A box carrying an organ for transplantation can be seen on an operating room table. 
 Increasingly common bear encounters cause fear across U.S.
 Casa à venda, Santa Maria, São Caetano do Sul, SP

— What the task asks —
What you return must match the data above character for character.

— Answer for the task —
A box carrying an organ for transplantation can be seen on an operating room table. 
 Increasingly common bear encounters cause fear across U.S.
 Casa à venda, Santa Maria, São Caetano do Sul, SP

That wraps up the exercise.